Before we experiment with using the caret package, which provides access to a variety of different machine learning algorithms, in this module we will explore the randomForest package to implement the random forest (RF) algorithm specifically. I will step through the process of creating a spatial prediction to map the likelihood or probability of palustrine forested/palustrine scrub/shrub (PFO/PSS) wetland occurrence using a variety of terrain variables. The provided training.csv table contains 1,000 examples of PFO/PSS wetlands and 1,000 not PFO/PSS examples. The validation.csv file contains a separate, non-overlapping 2,000 examples equally split between PFO/PSS wetlands and not PFO/PSS wetlands. I have also provided a raster stack (predictors.img) of all the predictor variables so that a spatial prediction can be produced. Since PFO/PSS wetlands should only occur in woody extents, I have also provided a binary raster mask (for_mask.img) to subset the final result to only woody areas.

Here is a brief description of all the provided variables.

  1. class: PFO/PSS (wet) or not (not)
  2. cost: Distance from water bodies
  3. crv_arc: Topographic curvature
  4. crv_plane: Plan curvature
  5. crv_pro: Profile curvature
  6. ctmi: Compound topographic moisture index (CTMI)
  7. diss_5: Terrain dissection (11 x 11 window)
  8. diss_10: Terrain dissection (21 x 21 window)
  9. diss_20: Terrain dissection (41 x 41 window)
  10. diss_25: Terrain dissection (51 x 51 window)
  11. diss_a: Terrain dissection average
  12. rough_5: Terrain roughness (11 x 11 window)
  13. rough_10: Terrain roughness (21 x 21 window)
  14. rough_20: Terrain roughness (41 x 41 window)
  15. rough_25: Terrain Roughness (51 x 51 window)
  16. rough_a: Terrain roughness average
  17. slp_d: Topographic slope in degrees
  18. sp_5: Slope position (11 x 11 window)
  19. sp_10: Slope position (21 x 21 window)
  20. sp_20: Slope position (41 x 41 window)
  21. sp_25: slope position (51 x 51 window)
  22. sp_a: Slope position average

The data provided in this example are a subset of the data used in this publication:

Maxwell, A.E., T.A. Warner, and M.P. Strager, 2016. Predicting palustrine wetland probability using random forest machine learning and digital elevation data-derived terrain variables, Photogrammetric Engineering & Remote Sensing, 82(6): 437-447. https://doi.org/10.1016/S0099-1112(16)82038-8.

As always, to get started I am reading in all of the needed packages and data. The tables are read in using read.csv() and the raster data are loaded using the raster() function from the raster package. Note that I created the training data by extracting raster data values at point locations using GIS software. I then saved the tables to CSV files. This process could also be completed in R using methods we have already discussed.

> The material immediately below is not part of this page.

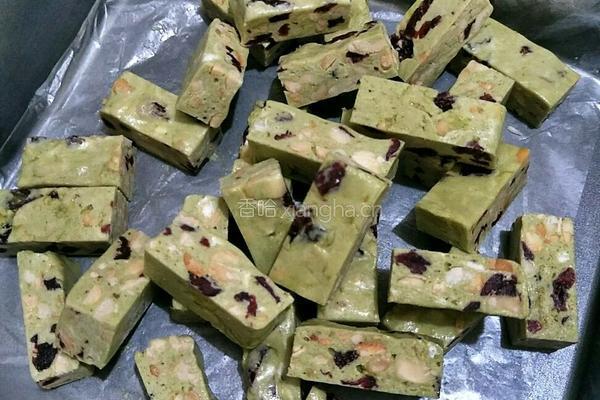 抹茶蔓越莓牛扎糖的做法图解7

I then rename of the raster bands to match the column names from the table. Note that the band order doesn’t matter; however, the correct name must be associated with the correct variable or band.

Create the Model

The code block below shows how to train a model with the randomForest() function from the randomForest package. The first column in the table (“class”") is the dependent variable while columns 2 through 22 provide the predictor variables. I am using 501 trees, calculating measures of variable importance, and assessing the model using the OOB data with a confusion matrix and an error rate. I am also setting a random seed to make sure that my results are reproducible.

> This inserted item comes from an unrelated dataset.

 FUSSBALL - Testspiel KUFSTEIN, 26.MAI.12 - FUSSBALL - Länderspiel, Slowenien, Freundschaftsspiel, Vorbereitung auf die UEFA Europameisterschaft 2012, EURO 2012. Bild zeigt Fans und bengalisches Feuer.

Once the model is produced, I call it to print a summary of the results. The model generally performed well. The OOB error rate was only 3.2%, or 96.8% of the OOB data in each tree on average were correctly classified. Of the PFO/PSS samples, only 26 were incorrectly classified while 38 of the not class were incorrectly classified, so omission and comission error are nearly balanced. You can also see that the algorithm used 4 random variables for splitting at each note (the mtry parameter). Since I did not specify this, the square root of the number of predictor variables was used.

Variable Importance

Using the importance() function from the randomForest package, we can obtained the importance estimates for each variable relative to each class and also overall using the OOB mean decrease in accuracy and mean decrease in Gini measures. In the second code block, I have plotted the importance measures. Higher values indicate a greater importance in the model.

Note that random forest-based importance measures have been shown to be biased if the number of training samples in each class are not balanced and/or variables are highly correlated. In this example, variables are very correlated since we calculated the same measures at different window sizes, so this is an issue. The party package provides a measure of conditional variable importance, which can be used to assess importance while taking into account variable correlation. Unfortunately, this process is computationally intensive and can be slow. I have generally found that I have to reduce the number of training samples to obtain results in a reasonable amount of time.

Documentation for the party package can be found here. Here is a link to a paper on this topic by Strobl et al. 

Calling plot() on the random forest model will show how OOB error changes with the number of trees in the forest. This plot suggests that the model stabilizes after roughly 100 trees. I generally use 500 or more trees, as it has been shown that using more trees generally doesn’t reduce classification accuracy or cause overfitting. However, more trees will make the model more computationally intensive. If you aren’t sure how many trees to build, you can use this plot to assess the impact.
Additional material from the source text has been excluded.